For older children, in addition to the dolphin swim (we were nagged into submission) there are sea lion encounters, snorkelling with sharks, stingray feeding and a rock-climbing wall. The staff are all notably well-trained and as attentive, as perhaps only those with a US-influenced awareness of litigation can be.
The real adventure, however, lies in the marine habitats and the ocean. Atlantis rescued 16 dolphins from a Mississippi Oceanarium in the wake of Hurricane Katrina, which now appear to be living out a happy and safe retirement. There is a large, sheltered lake on within the resort for water sports but the snorkelling just off the beach is also excellent.
The Bahamas is famous for its sharks but so far, their breeding grounds in the mangroves and inlets have been disturbed far less than say, Brazil's infamous attack hotspot Recife, and the nation has no recorded fatal attacks. There are plenty of large captive sharks to admire in the extraordinary aquariums, as well as stunning manta and some particularly ill-favoured moray eels. I was intrigued by a story in the local paper about a Florida manatee, found lost and confused many miles from home in Nassau harbour with its calf. Both were carefully re-homed at a secret Atlantis marine facility on Paradise Island,which is not open to public view.

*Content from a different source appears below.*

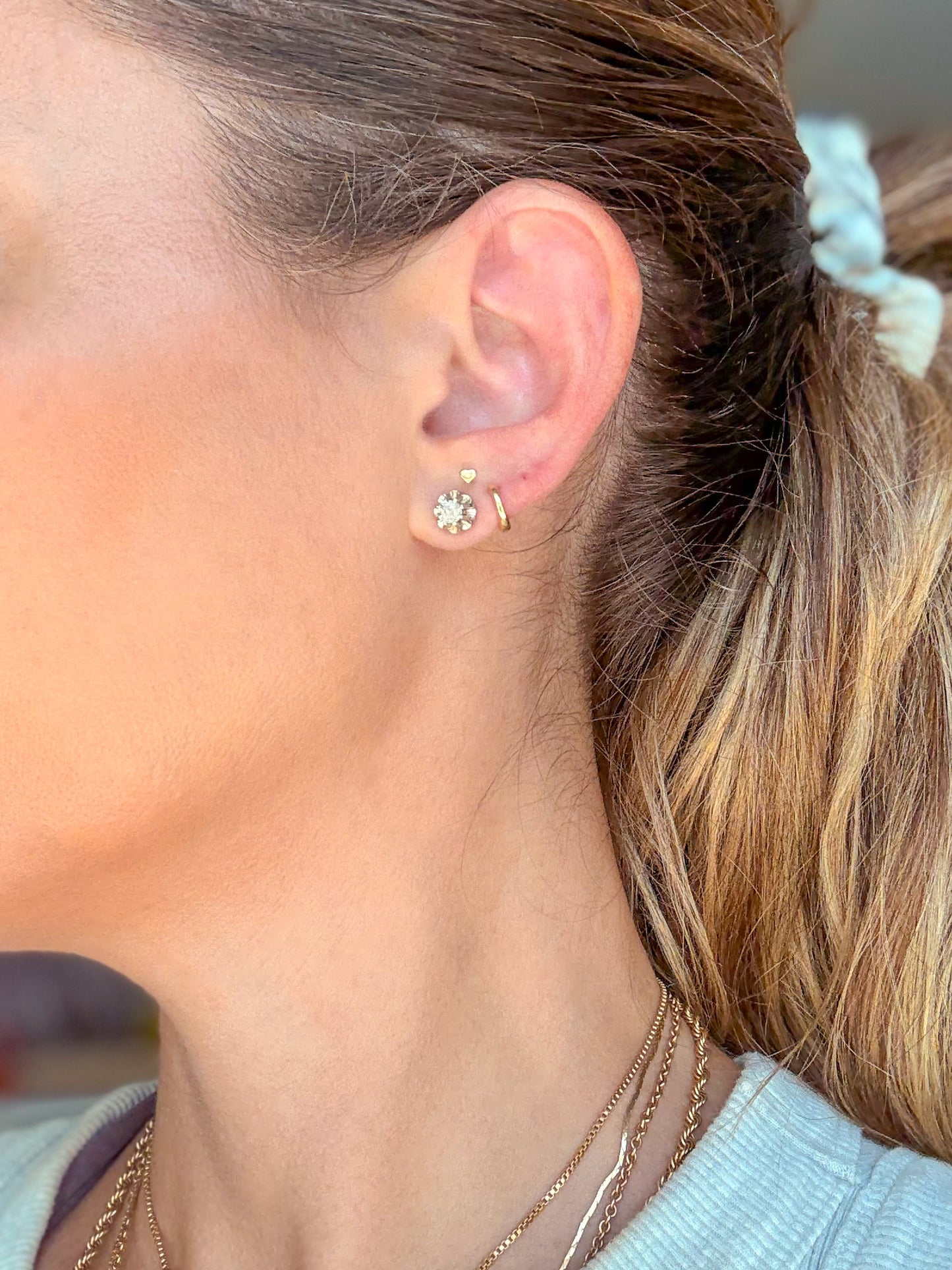 Vintage Natural Diamond Flower 14k White Gold Stud Earrings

We didn't want to waste the chance to explore beyond Paradise Island too. Nassau's cruise ship port is unappealing but the fish market under the bridge is full of character and reassuringly good value after Paradise Island's inevitable assault on your purse. There are some atmospheric historic sites, notably Parliament Square, Christ Church Cathedral and the Graycliff Hotel. Only gaining its independence from Britain in 1973, The Bahamas retains many British touches like red post boxes and driving on the left. There is currently an enormous amount of foreign investment and development pouring into the area between Nassau and the international airport. It can only be hoped that the new resorts make the same attempt at giving something back to the marine environment and local economy, as Atlantis appears to do.